Mark it down as the first tax increase of the new Democratic era. The Journal reported yesterday that President-elect Obama and Congressional leaders intend to maintain the estate tax rather than let it expire on schedule in 2010.

They will do so even though their economic stimulus plan is supposed to be about creating millions of new jobs in a hurry. The death tax strikes most heavily at small- and medium-sized family-owned businesses that generate the majority of new American jobs. So hitting these family businesses with a multimillion dollar tax bill when the owner dies won’t help job creation.

Republicans are partly to blame here for making this easy for Democrats, thanks to their mistakes in the 2001 tax bill. Rather than repeal the tax immediately, Republicans got bamboozled into agreeing to a 10-year phase-out that eliminates the tax only for a single year. Then the rate goes all the way back in 2011 to the confiscatory 55% rate of the Clinton era, with a mere $1 million exclusion. Republicans never did fix the tax revenue estimating process on Capitol Hill, and this is one price for that failure.

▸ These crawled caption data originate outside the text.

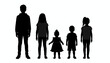 © Awais - Silhouettes of five children of varying heights, representing different age groups, depicted against a white background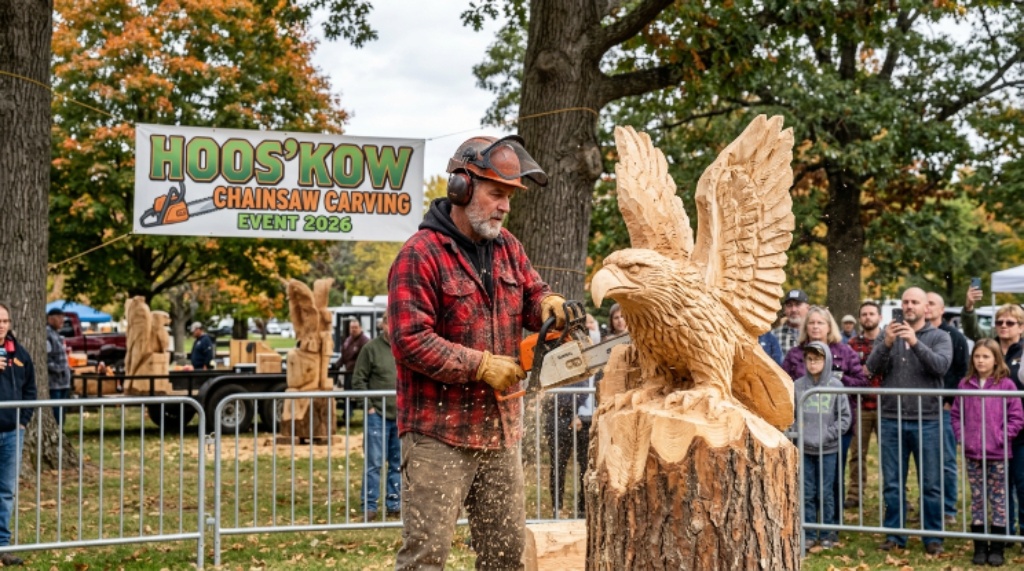 Live chainsaw artist carving a wooden eagle sculpture at the Hoos'Kow Chainsaw Carving Event 2026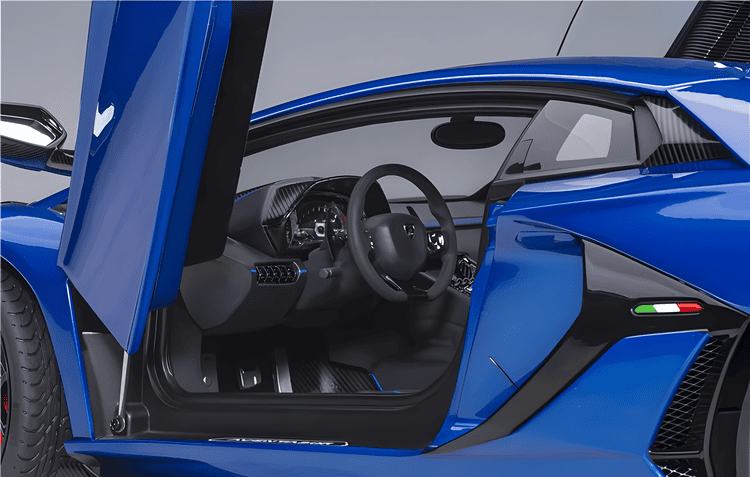 AutoArt Lamborghini Aventador SVJ 1:18 Scale Diecast Model – Diecast Supercar Collection（Blue）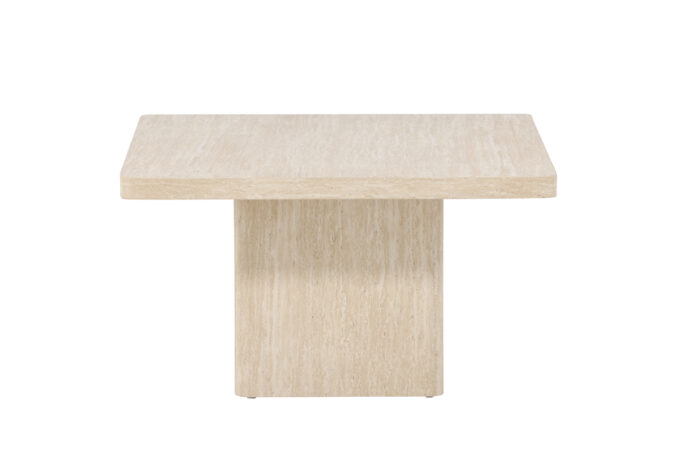 Qvart Beige kavos staliukas – kvadratinis dizainas, šviesus travertino atspalvis, modernus MDF baldas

Mr. Obama wants to make the current death tax rate of 45% permanent, along with an exclusion of $3.5 million ($7 million for couples). One issue to watch is whether this exclusion is indexed for inflation, or else over time it will hit more and more average earners who build up a small nest egg over a lifetime. Think Alternative Minimum Tax.

The death tax is supposed to be an easy way to extract revenue from the likes of Warren Buffett and Bill Gates, who support the tax. It won’t. The super wealthy have foundations and other tax dodges to shield themselves from much of the tax. A 2006 Joint Economic Committee (JEC) study found that death tax “liabilities depend on the skill of the estate planner, rather than on capacity to pay.” So much for tax fairness.

By contrast, “family-run firms and farms particularly feel the pinch of the estate tax, because they are less likely to have the liquid resources needed to meet their estate tax liabilities.” The latest JEC estimate is that the death tax has reduced the stock of capital in the economy by about $847 billion. So let’s get this straight: We are said to need an economic stimulus plan that will borrow and spend roughly the same amount of money to replace the capital stock that the estate tax has wiped out. Go figure.

This lost capital reinvestment translates into fewer workers on business payrolls. Douglas Holtz-Eakin, the former Congressional Budget Office director, estimates in a new study that the economy would create roughly 1.3 million more small business jobs with no death tax rather than with a 45% rate. Foreign governments understand this relationship, which is why they have been slashing their estate taxes in recent years. According to the American Council for Capital Formation, the U.S. has the third highest estate tax in the developed world — 49% if you add the federal rate and average state rate, just below 50% in Japan and South Korea.

Republicans alone won’t have much chance to stop this Obama estate-tax plan, so its fate will hang on Senate Democrats. For years many of those Democrats — especially in swing states like Arkansas and Montana — campaigned on the promise to lower or eliminate the estate tax. We’ll now find out if they meant it.